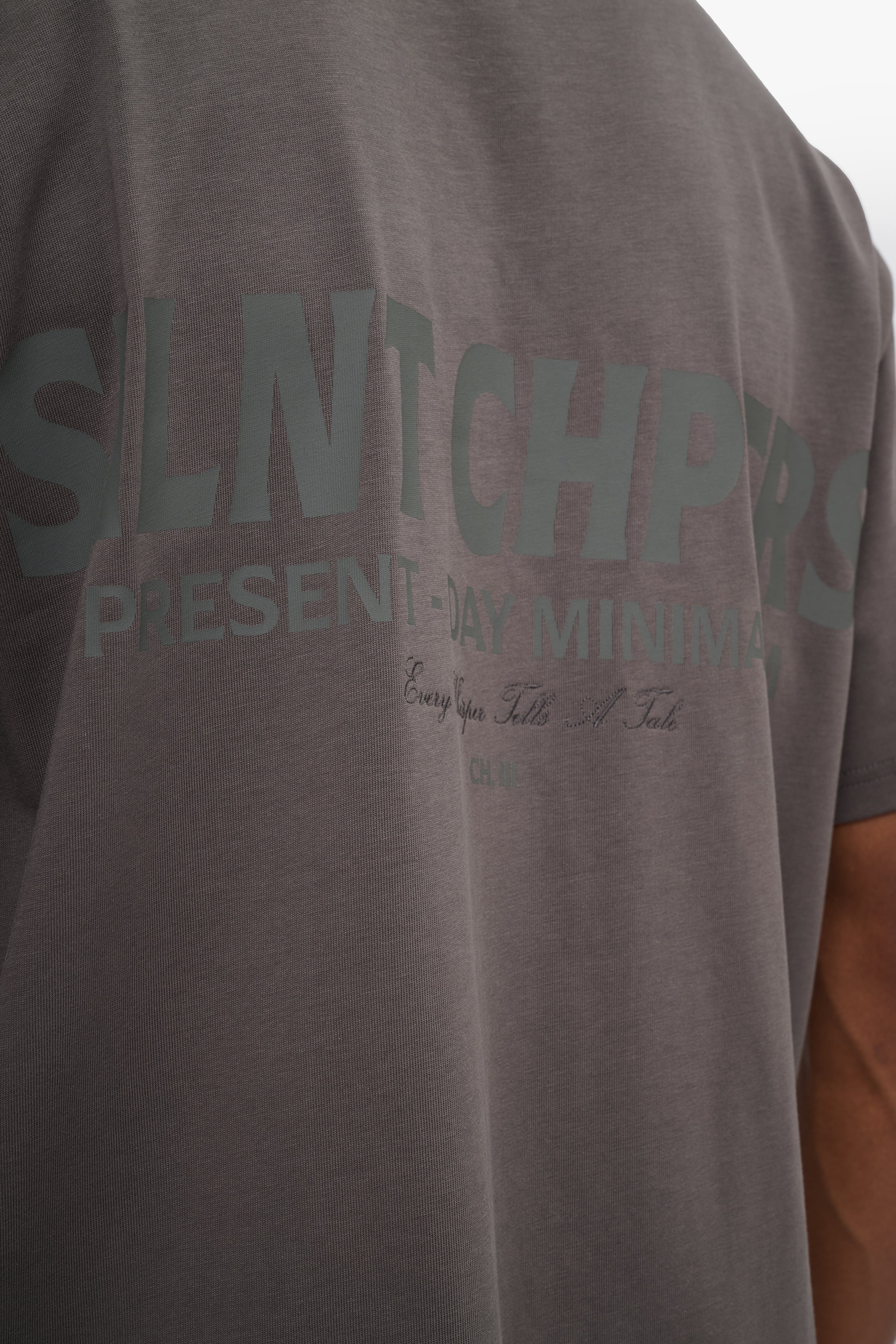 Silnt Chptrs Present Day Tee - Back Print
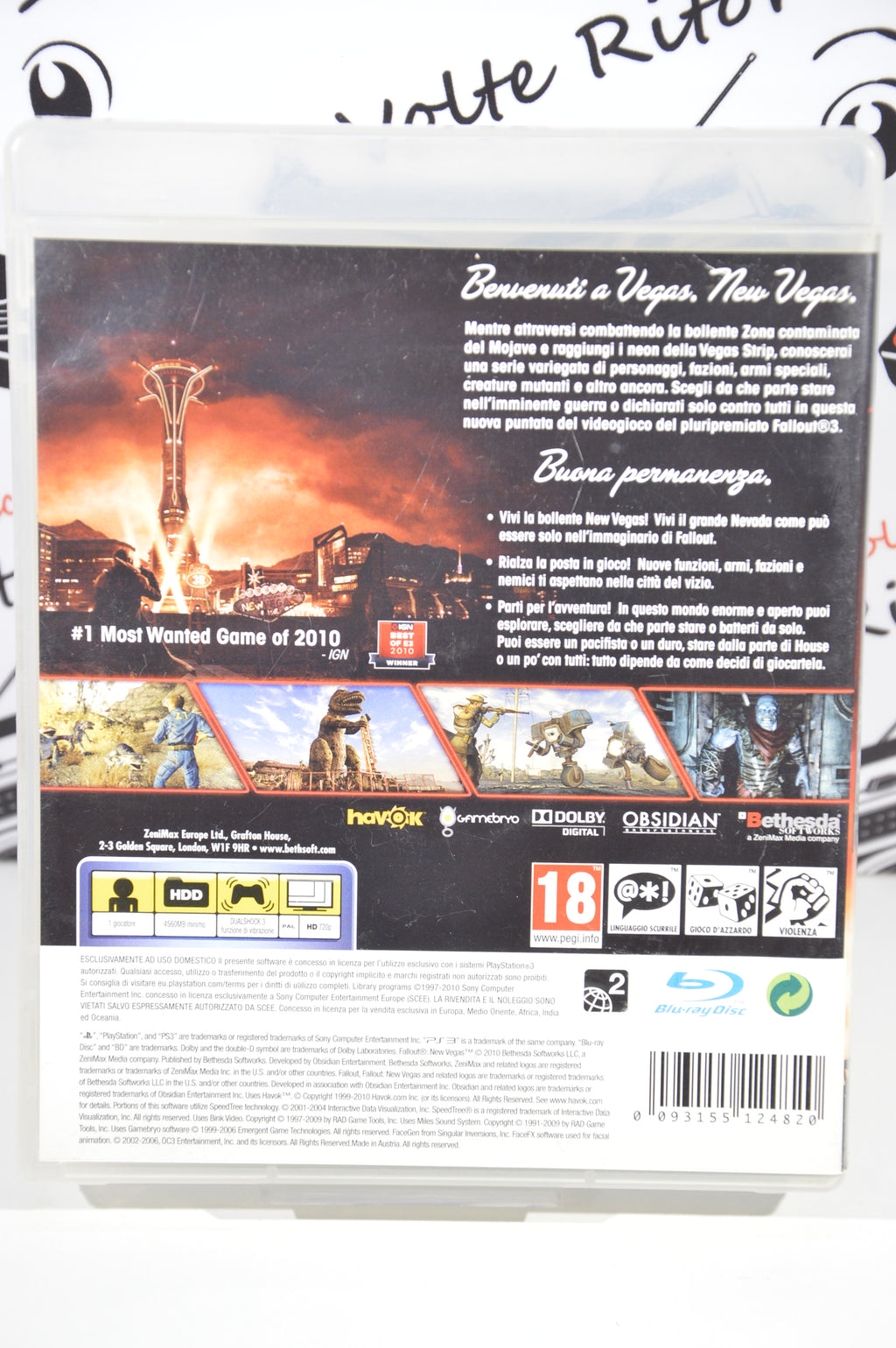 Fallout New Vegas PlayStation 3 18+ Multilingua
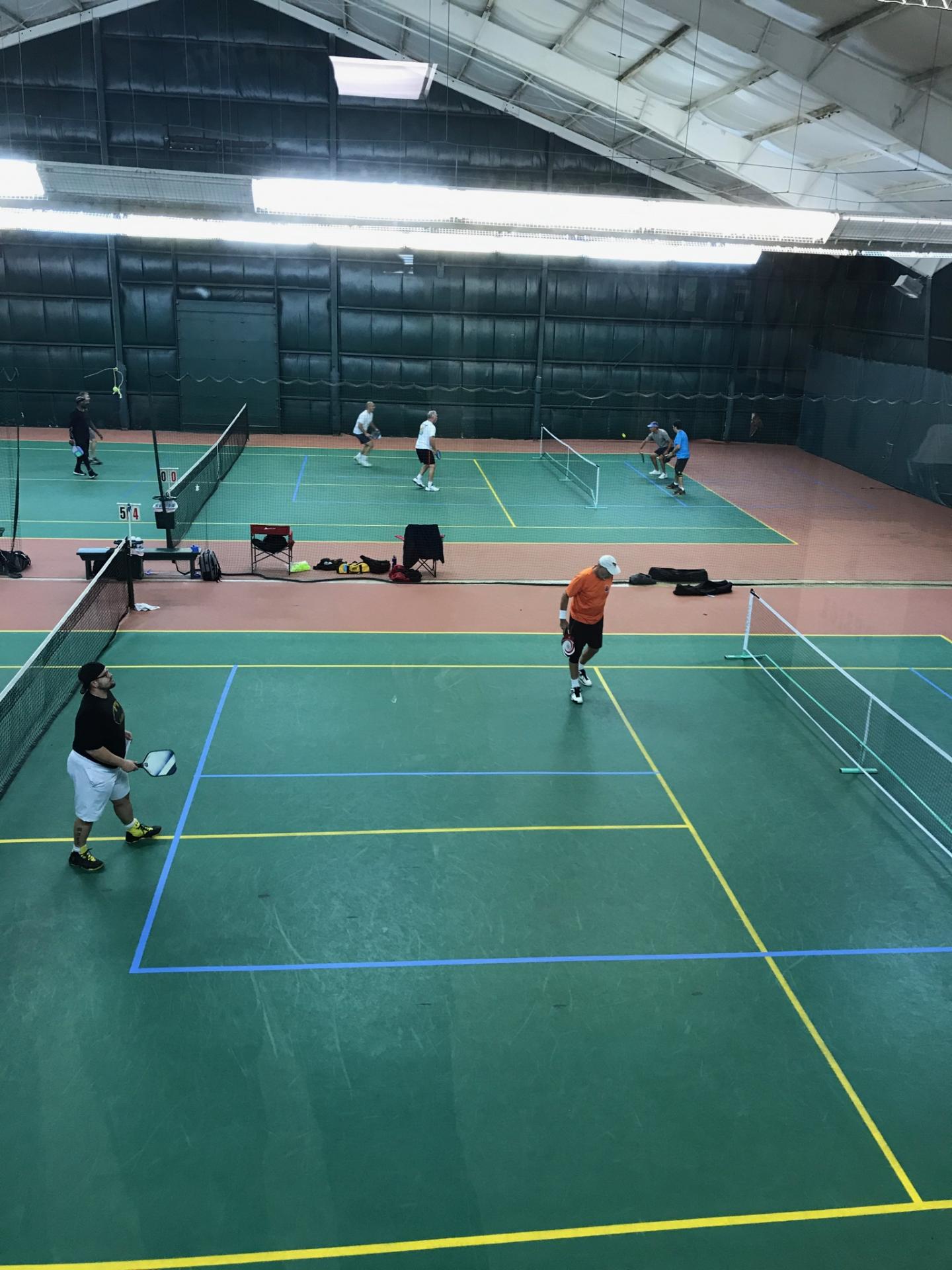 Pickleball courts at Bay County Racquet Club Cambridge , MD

——

**THE TASK**:
No pictures go in the copy. Set down all the data exactly.

**ANSWER FOR THIS EXERCISE**:
 Silnt Chptrs Present Day Tee - Back Print
 Fallout New Vegas PlayStation 3 18+ Multilingua
 Pickleball courts at Bay County Racquet Club Cambridge , MD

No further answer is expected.